──────── Data shown ────────
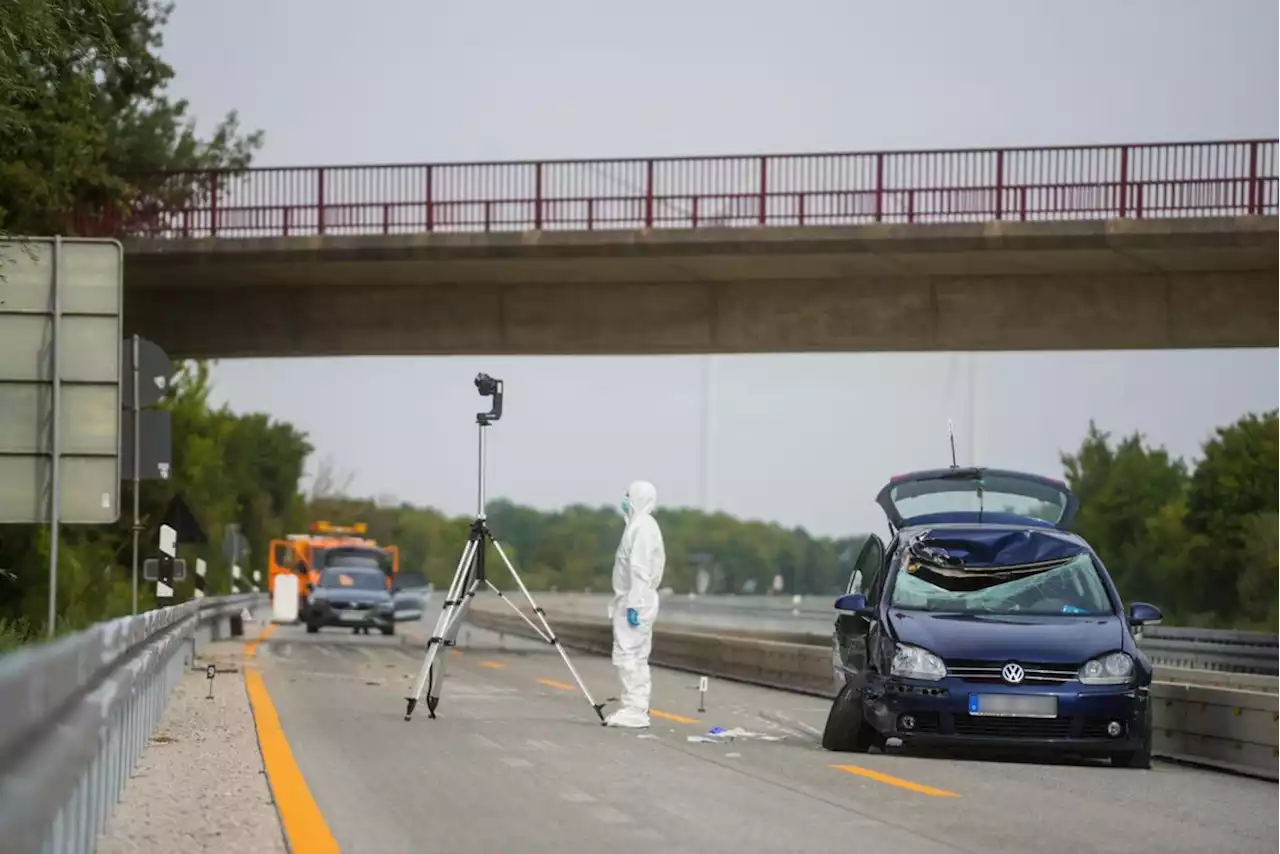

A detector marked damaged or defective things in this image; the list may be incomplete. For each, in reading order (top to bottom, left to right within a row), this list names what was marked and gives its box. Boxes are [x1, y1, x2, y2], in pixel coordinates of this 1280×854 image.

damaged blue vw [824, 468, 1168, 768]
broken windshield [884, 556, 1112, 616]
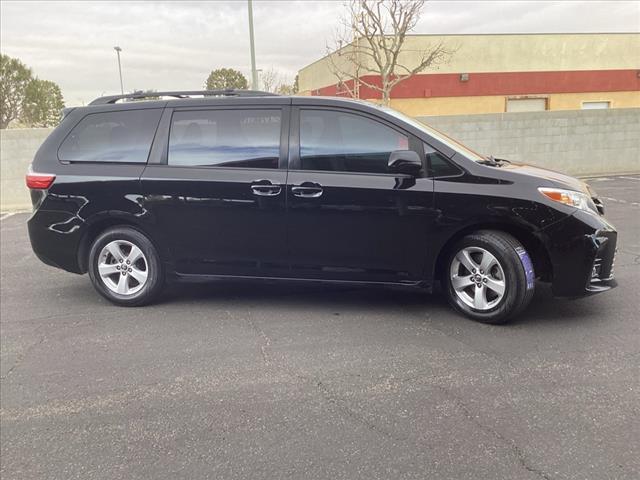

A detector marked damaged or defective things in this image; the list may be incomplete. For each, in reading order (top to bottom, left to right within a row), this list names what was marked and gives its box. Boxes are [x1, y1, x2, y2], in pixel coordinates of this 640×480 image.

pavement crack [438, 386, 552, 480]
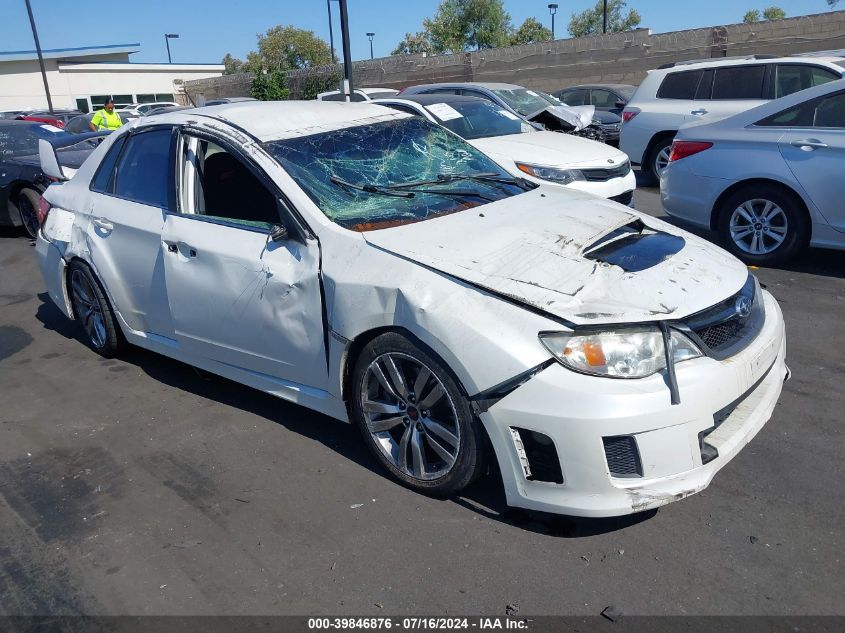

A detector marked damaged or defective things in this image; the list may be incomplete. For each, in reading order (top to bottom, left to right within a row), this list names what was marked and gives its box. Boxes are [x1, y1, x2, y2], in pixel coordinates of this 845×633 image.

shattered windshield [266, 116, 528, 230]
shattered windshield [426, 100, 524, 139]
shattered windshield [492, 87, 552, 115]
white damaged sedan [33, 101, 784, 516]
damaged front bumper [478, 288, 788, 516]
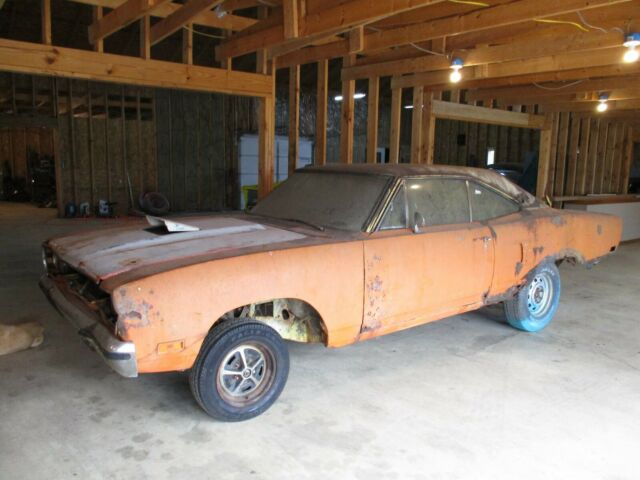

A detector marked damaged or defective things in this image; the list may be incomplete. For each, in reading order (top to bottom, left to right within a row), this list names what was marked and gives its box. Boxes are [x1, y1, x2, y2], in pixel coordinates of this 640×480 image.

rusty car body [38, 165, 620, 420]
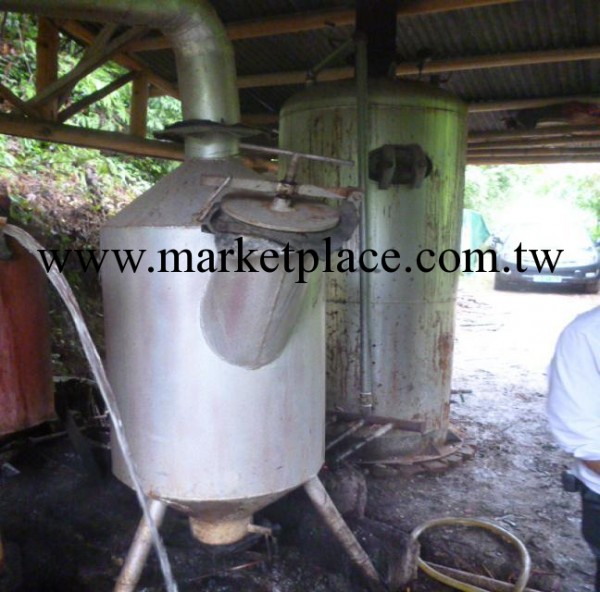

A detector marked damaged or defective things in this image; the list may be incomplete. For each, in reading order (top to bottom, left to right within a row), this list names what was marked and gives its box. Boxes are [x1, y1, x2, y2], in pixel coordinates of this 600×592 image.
────────
## Exercise prompt
Your task is to retype the records above in full and exactly, omitting the pictures.

## Solution below
A detector marked damaged or defective things in this image; the list may be incomplete. For each, in reading order (top to bottom, left to right within a row), this list names what was marked and gives its box. Boxes are [x1, y1, x2, y2], in pixel coordinates of this 1280×854 image.

damaged blue vw [824, 468, 1168, 768]
broken windshield [884, 556, 1112, 616]

A detector marked damaged or defective things in this image; the list may be incomplete. For each, in reading order (top to bottom, left to right within a row), this list names what was marked and gives its box. Boxes are [x1, y1, x2, y2], in pixel coordinates of this 640×480 image.

pavement crack [438, 386, 552, 480]

A detector marked damaged or defective things in this image; the list may be incomplete. For each, in reading order (top to bottom, left to right within a row), this list names what was marked and gives its box. Boxes are [x1, y1, x2, y2], in pixel coordinates of this 845×633 image.

shattered windshield [266, 116, 528, 230]
shattered windshield [426, 100, 524, 139]
shattered windshield [492, 87, 552, 115]
white damaged sedan [33, 101, 784, 516]
damaged front bumper [478, 288, 788, 516]

A detector marked damaged or defective things in this image; the list may be incomplete. For each, in reading order (top to bottom, left to right within a row), this list names what was marked and gives its box. Boxes are [x1, y1, x2, y2], in pixel coordinates of this 640×480 image.

rusty car body [38, 165, 620, 420]

A detector marked damaged or defective things in this image; the list may be incomplete. For each, in reading order (top to bottom, left to right within a row), this list names what was marked and gives its box. Boxes are [x1, y1, x2, y2], in pixel coordinates of this 600×592 image.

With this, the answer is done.